Output the entries that follow, word for word.
┏━━
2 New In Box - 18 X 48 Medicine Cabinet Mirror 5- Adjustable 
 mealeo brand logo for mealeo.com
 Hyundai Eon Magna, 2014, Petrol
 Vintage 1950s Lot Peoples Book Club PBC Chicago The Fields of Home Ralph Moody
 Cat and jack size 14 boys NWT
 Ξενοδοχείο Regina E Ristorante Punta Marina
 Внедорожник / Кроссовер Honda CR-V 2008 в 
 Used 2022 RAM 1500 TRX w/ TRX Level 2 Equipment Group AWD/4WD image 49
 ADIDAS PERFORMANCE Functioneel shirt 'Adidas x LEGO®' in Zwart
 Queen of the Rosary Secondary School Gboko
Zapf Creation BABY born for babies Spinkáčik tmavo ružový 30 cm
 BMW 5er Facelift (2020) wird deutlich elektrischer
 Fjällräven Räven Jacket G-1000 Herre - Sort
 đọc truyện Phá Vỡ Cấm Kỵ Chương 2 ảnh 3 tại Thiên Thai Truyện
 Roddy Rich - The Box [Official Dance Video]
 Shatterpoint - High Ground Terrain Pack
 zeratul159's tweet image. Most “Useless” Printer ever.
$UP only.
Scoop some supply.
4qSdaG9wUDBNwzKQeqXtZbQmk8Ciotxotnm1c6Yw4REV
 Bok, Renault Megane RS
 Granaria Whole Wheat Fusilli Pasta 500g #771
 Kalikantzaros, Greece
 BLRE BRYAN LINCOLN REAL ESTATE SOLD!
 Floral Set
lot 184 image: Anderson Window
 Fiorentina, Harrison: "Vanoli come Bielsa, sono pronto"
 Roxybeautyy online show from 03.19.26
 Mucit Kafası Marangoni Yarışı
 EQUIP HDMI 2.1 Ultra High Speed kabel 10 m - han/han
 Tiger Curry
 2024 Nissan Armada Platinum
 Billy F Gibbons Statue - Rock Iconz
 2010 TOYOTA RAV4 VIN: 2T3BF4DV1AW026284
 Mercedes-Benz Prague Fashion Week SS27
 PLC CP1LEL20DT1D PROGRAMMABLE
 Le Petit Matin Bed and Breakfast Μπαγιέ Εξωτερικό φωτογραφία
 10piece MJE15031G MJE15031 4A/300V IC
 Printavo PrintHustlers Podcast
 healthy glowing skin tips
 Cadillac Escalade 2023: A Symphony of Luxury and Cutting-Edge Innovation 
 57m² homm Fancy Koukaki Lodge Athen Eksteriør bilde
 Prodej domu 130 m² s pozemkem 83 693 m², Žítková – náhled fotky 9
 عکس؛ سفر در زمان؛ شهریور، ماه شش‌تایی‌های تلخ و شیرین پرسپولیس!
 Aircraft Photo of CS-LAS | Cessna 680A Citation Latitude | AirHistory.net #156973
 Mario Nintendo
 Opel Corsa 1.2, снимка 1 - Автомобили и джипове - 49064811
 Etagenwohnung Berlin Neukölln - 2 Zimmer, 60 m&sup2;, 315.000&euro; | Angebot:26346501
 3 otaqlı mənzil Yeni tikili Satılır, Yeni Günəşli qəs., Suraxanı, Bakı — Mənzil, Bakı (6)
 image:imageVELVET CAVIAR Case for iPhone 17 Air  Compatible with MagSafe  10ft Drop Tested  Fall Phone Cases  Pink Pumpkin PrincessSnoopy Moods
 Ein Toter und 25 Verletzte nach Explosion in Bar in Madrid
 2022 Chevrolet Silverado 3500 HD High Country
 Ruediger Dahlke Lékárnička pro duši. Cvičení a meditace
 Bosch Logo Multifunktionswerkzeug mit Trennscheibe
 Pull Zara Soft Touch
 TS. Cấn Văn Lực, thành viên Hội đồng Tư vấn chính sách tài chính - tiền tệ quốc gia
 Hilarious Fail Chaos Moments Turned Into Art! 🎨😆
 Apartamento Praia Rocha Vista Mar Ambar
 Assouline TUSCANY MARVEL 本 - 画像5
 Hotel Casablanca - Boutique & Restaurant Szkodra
┗━━
TASK RESULT:
2 New In Box - 18 X 48 Medicine Cabinet Mirror 5- Adjustable 
 mealeo brand logo for mealeo.com
 Hyundai Eon Magna, 2014, Petrol
 Vintage 1950s Lot Peoples Book Club PBC Chicago The Fields of Home Ralph Moody
 Cat and jack size 14 boys NWT
 Ξενοδοχείο Regina E Ristorante Punta Marina
 Внедорожник / Кроссовер Honda CR-V 2008 в 
 Used 2022 RAM 1500 TRX w/ TRX Level 2 Equipment Group AWD/4WD image 49
 ADIDAS PERFORMANCE Functioneel shirt 'Adidas x LEGO®' in Zwart
 Queen of the Rosary Secondary School Gboko
Zapf Creation BABY born for babies Spinkáčik tmavo ružový 30 cm
 BMW 5er Facelift (2020) wird deutlich elektrischer
 Fjällräven Räven Jacket G-1000 Herre - Sort
 đọc truyện Phá Vỡ Cấm Kỵ Chương 2 ảnh 3 tại Thiên Thai Truyện
 Roddy Rich - The Box [Official Dance Video]
 Shatterpoint - High Ground Terrain Pack
 zeratul159's tweet image. Most “Useless” Printer ever.
$UP only.
Scoop some supply.
4qSdaG9wUDBNwzKQeqXtZbQmk8Ciotxotnm1c6Yw4REV
 Bok, Renault Megane RS
 Granaria Whole Wheat Fusilli Pasta 500g #771
 Kalikantzaros, Greece
 BLRE BRYAN LINCOLN REAL ESTATE SOLD!
 Floral Set
lot 184 image: Anderson Window
 Fiorentina, Harrison: "Vanoli come Bielsa, sono pronto"
 Roxybeautyy online show from 03.19.26
 Mucit Kafası Marangoni Yarışı
 EQUIP HDMI 2.1 Ultra High Speed kabel 10 m - han/han
 Tiger Curry
 2024 Nissan Armada Platinum
 Billy F Gibbons Statue - Rock Iconz
 2010 TOYOTA RAV4 VIN: 2T3BF4DV1AW026284
 Mercedes-Benz Prague Fashion Week SS27
 PLC CP1LEL20DT1D PROGRAMMABLE
 Le Petit Matin Bed and Breakfast Μπαγιέ Εξωτερικό φωτογραφία
 10piece MJE15031G MJE15031 4A/300V IC
 Printavo PrintHustlers Podcast
 healthy glowing skin tips
 Cadillac Escalade 2023: A Symphony of Luxury and Cutting-Edge Innovation 
 57m² homm Fancy Koukaki Lodge Athen Eksteriør bilde
 Prodej domu 130 m² s pozemkem 83 693 m², Žítková – náhled fotky 9
 عکس؛ سفر در زمان؛ شهریور، ماه شش‌تایی‌های تلخ و شیرین پرسپولیس!
 Aircraft Photo of CS-LAS | Cessna 680A Citation Latitude | AirHistory.net #156973
 Mario Nintendo
 Opel Corsa 1.2, снимка 1 - Автомобили и джипове - 49064811
 Etagenwohnung Berlin Neukölln - 2 Zimmer, 60 m&sup2;, 315.000&euro; | Angebot:26346501
 3 otaqlı mənzil Yeni tikili Satılır, Yeni Günəşli qəs., Suraxanı, Bakı — Mənzil, Bakı (6)
 image:imageVELVET CAVIAR Case for iPhone 17 Air  Compatible with MagSafe  10ft Drop Tested  Fall Phone Cases  Pink Pumpkin PrincessSnoopy Moods
 Ein Toter und 25 Verletzte nach Explosion in Bar in Madrid
 2022 Chevrolet Silverado 3500 HD High Country
 Ruediger Dahlke Lékárnička pro duši. Cvičení a meditace
 Bosch Logo Multifunktionswerkzeug mit Trennscheibe
 Pull Zara Soft Touch
 TS. Cấn Văn Lực, thành viên Hội đồng Tư vấn chính sách tài chính - tiền tệ quốc gia
 Hilarious Fail Chaos Moments Turned Into Art! 🎨😆
 Apartamento Praia Rocha Vista Mar Ambar
 Assouline TUSCANY MARVEL 本 - 画像5
 Hotel Casablanca - Boutique & Restaurant Szkodra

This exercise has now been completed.